Eigentlich wollte ich heute einen leichten, lustigen, lockeren Blog schreiben. So einen, den man sonntags beim Kaffee liest und dabei ein bisschen schmunzelt. Ich sitze also hier, tippe ein paar Zeilen, lösche sie wieder, trinke einen Schluck Kaffee, starre aus dem Fenster – und erinnere mich an dieses Gespräch im Bus.
Eine etwa 55-jährige Frau erzählte ihrer Sitznachbarin, dass sie jeden Morgen die Kleidung für ihren Mann aufs Bett legt – weil er farbenblind ist und sonst womöglich Blau mit Schwarz kombiniert.
Vor ein paar Tagen allerdings, noch ziemlich verschlafen, hatte sie versehentlich ihre eigenen Socken und ihr T-Shirt bereitgelegt.
Der Irrtum fiel erst am Abend auf – obwohl ihr Partner den ganzen Tag das Gefühl hatte: „Irgendwie sind meine Sachen in der Wäsche eingelaufen.“
Man stelle sich vor, wie unangenehm das gewesen sein muss. Die Frau war sehr zierlich.
Ich musste lachen. Wirklich. Diese Szene hatte alles: ein bisschen Alltagskomik, ein bisschen Ehe-Routine und ein ordentlicher Schuss menschlicher Schusseligkeit.
Aber ich wäre nicht ich, wenn ich mir nicht auch Gedanken darüber machen würde, was dahintersteckt.
Warum denkt diese Frau, sie müsse jeden Tag die Kleidung ihres Partners herrichten?
Will er das? Oder ist das längst ein Automatismus?
Wo beginnt die Grenze des anderen – und wo wird sie überschritten?
Wie viel Verantwortung übernehme ich für mein Gegenüber – und wann wird daraus ein Übergriff?

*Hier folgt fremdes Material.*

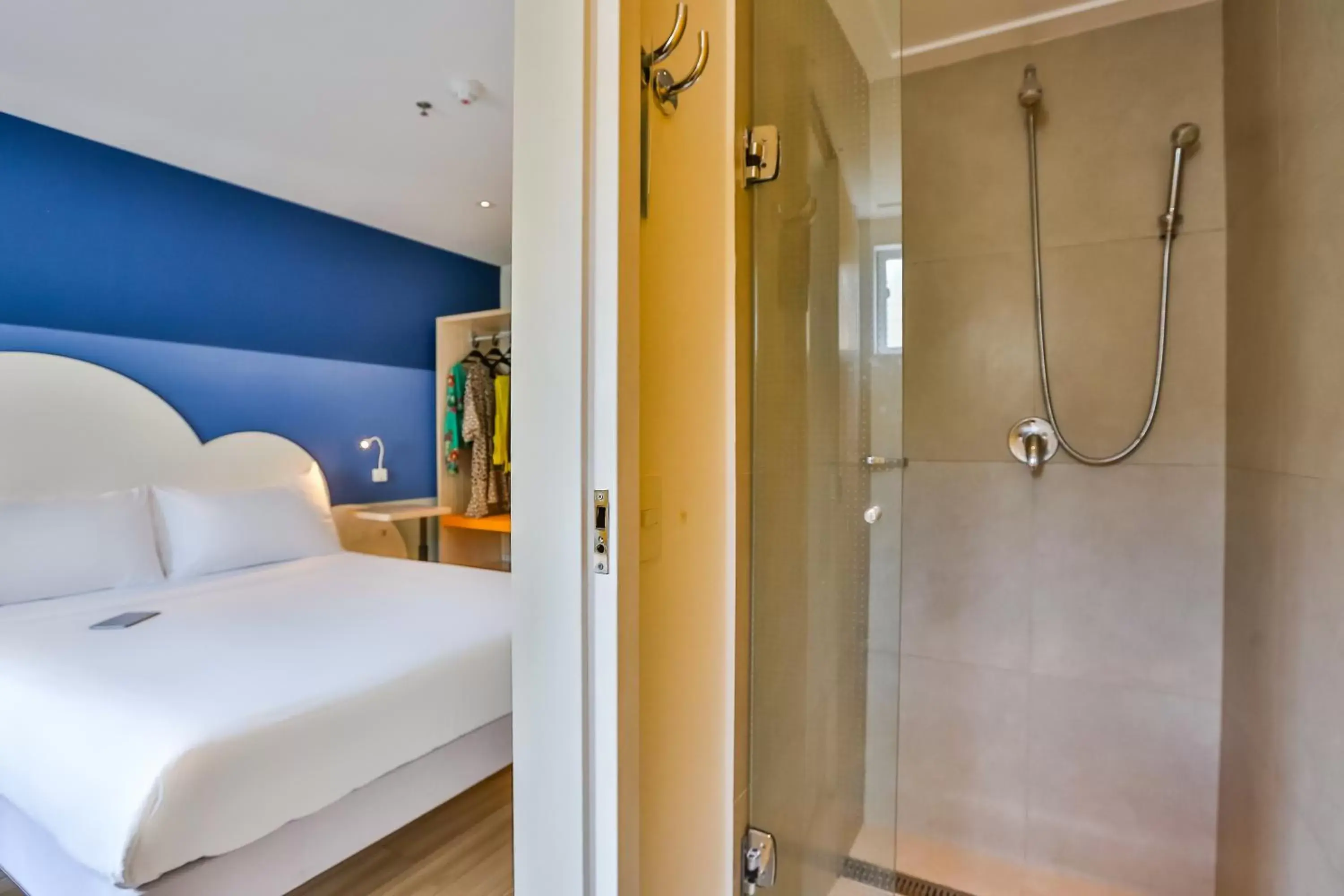 Bed, Bathroom in ibis Styles Sao Paulo Anhembi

Ist es legitim, über solche Situationen zu lachen, einfach weil sie in dem Moment komisch wirken?
Und – warum um Gottes willen denke ich so viel darüber nach?

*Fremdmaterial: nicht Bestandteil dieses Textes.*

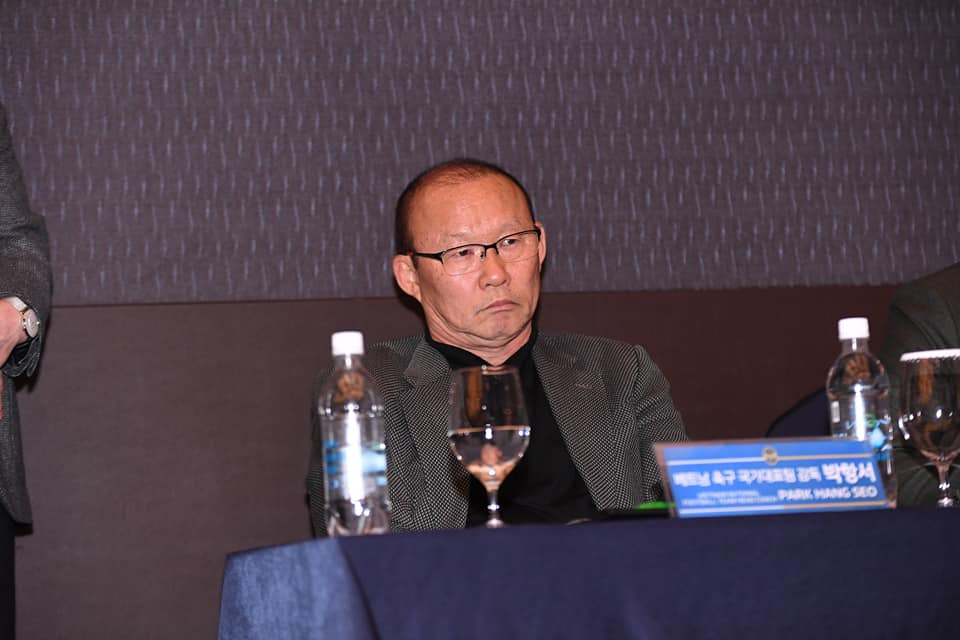 HLV Park Hang-seo cũng đã có mặt tại buổi ra mắt Công Phượng của Incheon United. (Nguồn: incheonutd.com)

Mir fällt auf – und vielleicht erkennst du dich auch darin wieder –, dass ich sehr aufmerksam geworden bin.
Oft frage ich mich: Wie war das gemeint?
Ich zucke zusammen, wenn Menschen Worte benutzen, die man „heutzutage nicht mehr sagt“. Und ich erschrecke noch mehr, wenn mir selbst so ein Spruch rausrutscht.
Ich überlege genau, wann ich etwas für jemanden tue, ohne darum gebeten worden zu sein. Ist es nicht traurig, dass wir so viel Spontanität einbüßen, nur um politisch korrekt zu bleiben?

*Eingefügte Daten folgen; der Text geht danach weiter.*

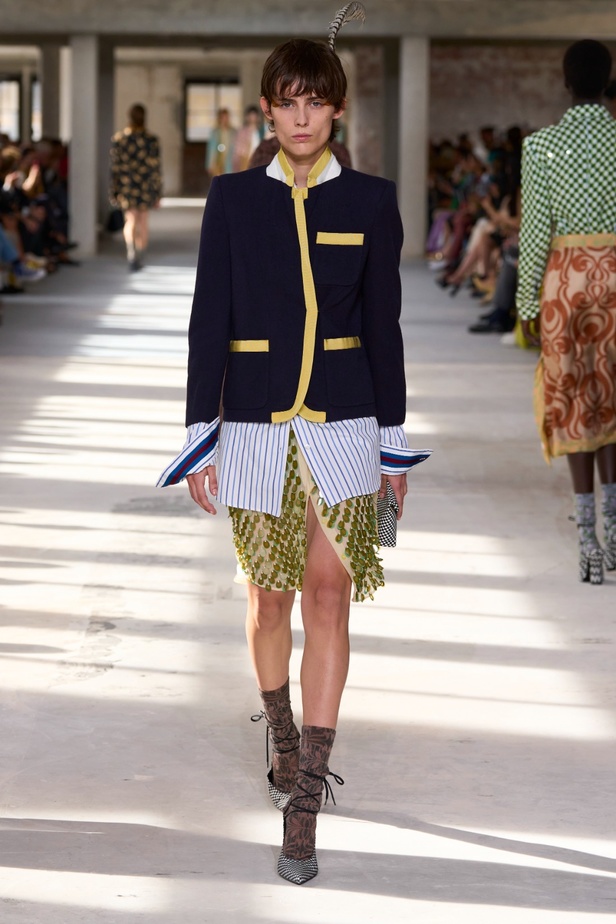 "السهل لا يجب أن يكون مملاً" والدليل مجموعة Dries Van Noten لربيع 2024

Wir haben uns daran gewöhnt, bestimmte Worte nicht mehr zu verwenden.
Manchmal führt das dazu, dass wir stundenlang um den heißen Brei herumreden – ohne zu einer echten Lösung zu kommen.
Oder wir verstummen, wenn unser Gegenüber sich ungeschickt ausdrückt, statt nachzufragen oder klar Stellung zu beziehen.
Ich frage mich wirklich:
Wie viel Raum geben wir einander – und auch uns selbst?
Manchmal scheint es, als gäbe es viele Menschen, die gar keine Grenzen mehr kennen.
Ein Blick über den großen Teich genügt, um zu sehen, wie ungefiltert, übergriffig – oder vielleicht sogar ansteckend – Worte sein können.
Ich bin der Meinung:
Ja, wir sollten sehr wohl überlegen, was wir sagen.
Ja, wir sollten bewusst handeln und uns fragen, welchen Eindruck wir hinterlassen.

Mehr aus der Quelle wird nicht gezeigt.